I needed to typeset some text including fragments in Arabic, Hebrew and Ethiopic. There is good support for Arabic and Hebrew, but it took some effort to get a working Ethiopic setup.
I installed it in /usr/X11R6/lib/X11/fonts/truetype/ and did
# ln -s /usr/X11R6/lib/X11/fonts/truetype/CODE2000.TTF /usr/share/texmf/fonts/truetype/CODE2000.ttf # cd /usr/share/texmf/fonts # ttf2tfm truetype/CODE2000.ttf tfm/code2k@Unicode@ # echo 'code2k@Unicode@ CODE2000.ttf' >> /etc/ttf2pk/ttfonts.map # texhash
Other fonts are available, both commercial and free. May report later on some of those.
Not having a keyboard with Arabic / Hebrew / Ethiopic keys, it is easiest to type a transliteration of the required text, where the language support package transforms the transliteration into the correct symbols. Several systems for the transliteration of Ethiopic exist, each in several flavours. I chose SERA.

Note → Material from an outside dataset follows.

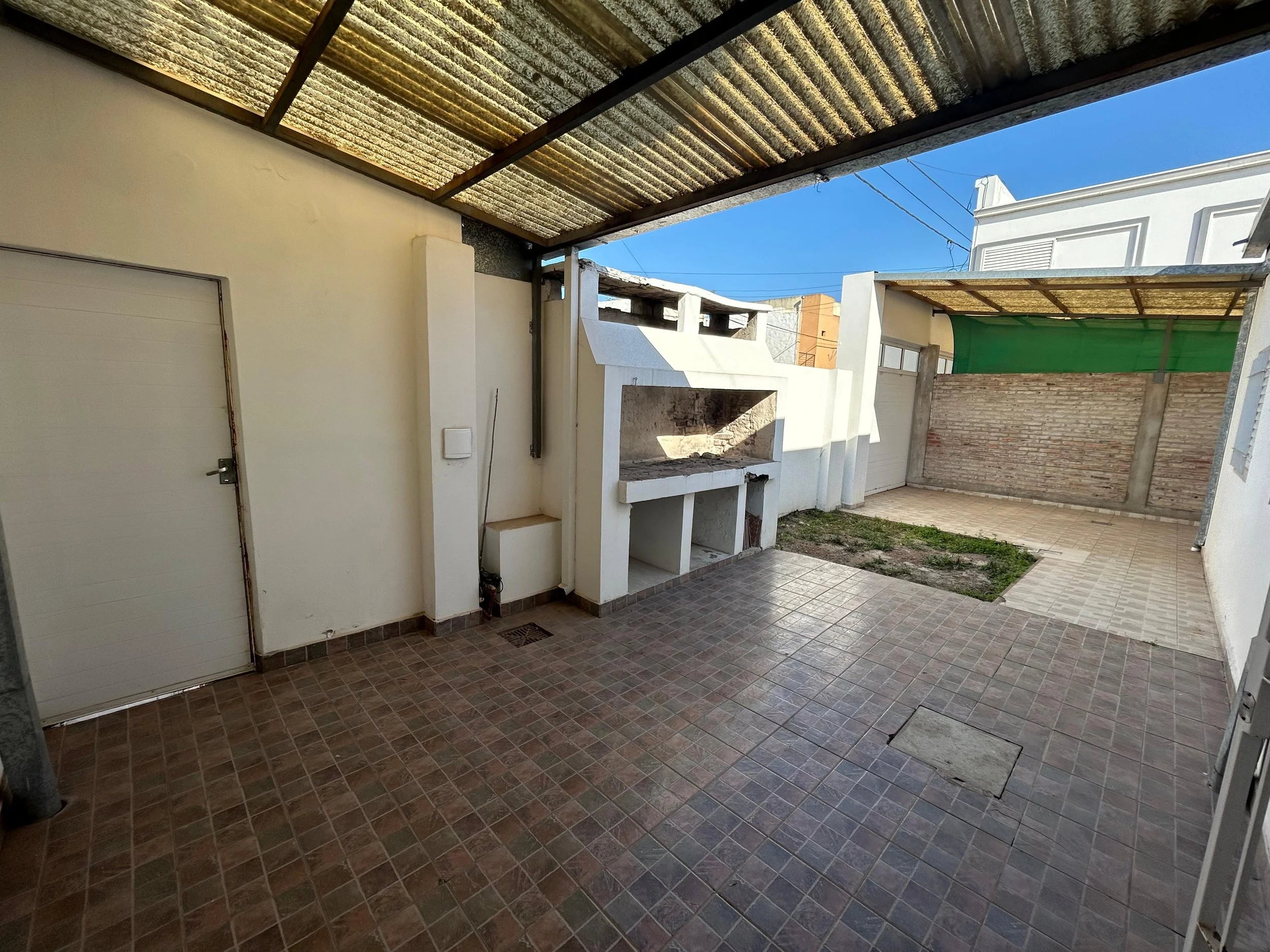 WhatsApp Image 2024-07-29 at 10.59.37.jpeg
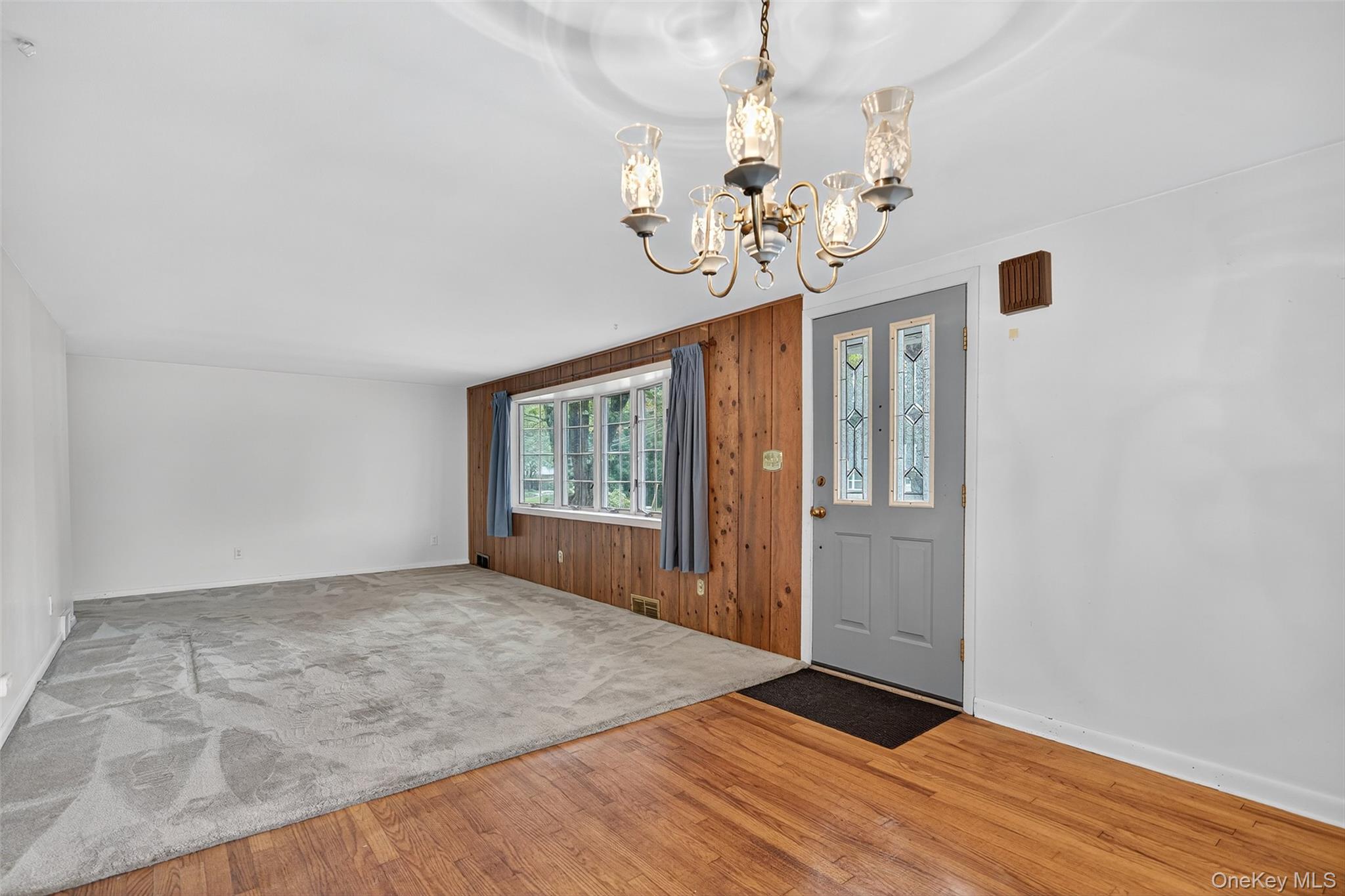 33 Windwood Drive, Newburgh, NY 12550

The file ethin.otp converts transliterated text:
% input: 8-bit input: 1; % output: 16-bit output: 2; expressions: % Sorted for decreasing length, then increasing Unicode % ``' `1' `0' `0' `0' `0' => "\CharLet{7C}"; ``' `s' `W' `a' => "\CharLET{27}"; ``' `1' `0' `0' => "\CharLet{7B}"; `l' `W' `a' => "\CharLET{0F}"; `H' `W' `a' => "\CharLET{17}"; `m' `W' `a' => "\CharLET{1F}"; ``' `s' `e' => "\CharLET{20}"; ... `P' => "\CharLet{35}"; `S' => "\CharLet{3D}"; `f' => "\CharLet{4D}"; `p' => "\CharLet{55}"; `:' => "\CharLet{61}"; `,' => "\CharLet{63}"; `;' => "\CharLet{64}"; . => \1;It is the composition of two transformations: eth2uni.otp that converts SERA to Unicode:
... ``' `1' `0' `0' `0' `0' => @"137C; ``' `s' `W' `a' => @"1227; ``' `1' `0' `0' => @"137B; ...and uni2font.otp that converts Unicode to font positions, via
@"1200 => "\CharLET{00}"; @"1201 => "\CharLET{01}"; ... @"12FF => "\CharLET{FF}"; @"1300 => "\CharLet{00}"; ... @"137C => "\CharLet{7C}";(Probably there is a more compact way to write this, but something like
@"1200-@"12FF => "\CharLET{" #((\1 div: @"10)-@"F0) #((\1 mod: @"10)+@"30) "}";is not good enough because one has to test for hex digits larger than 9. One could redefine the macros to work in decimal.)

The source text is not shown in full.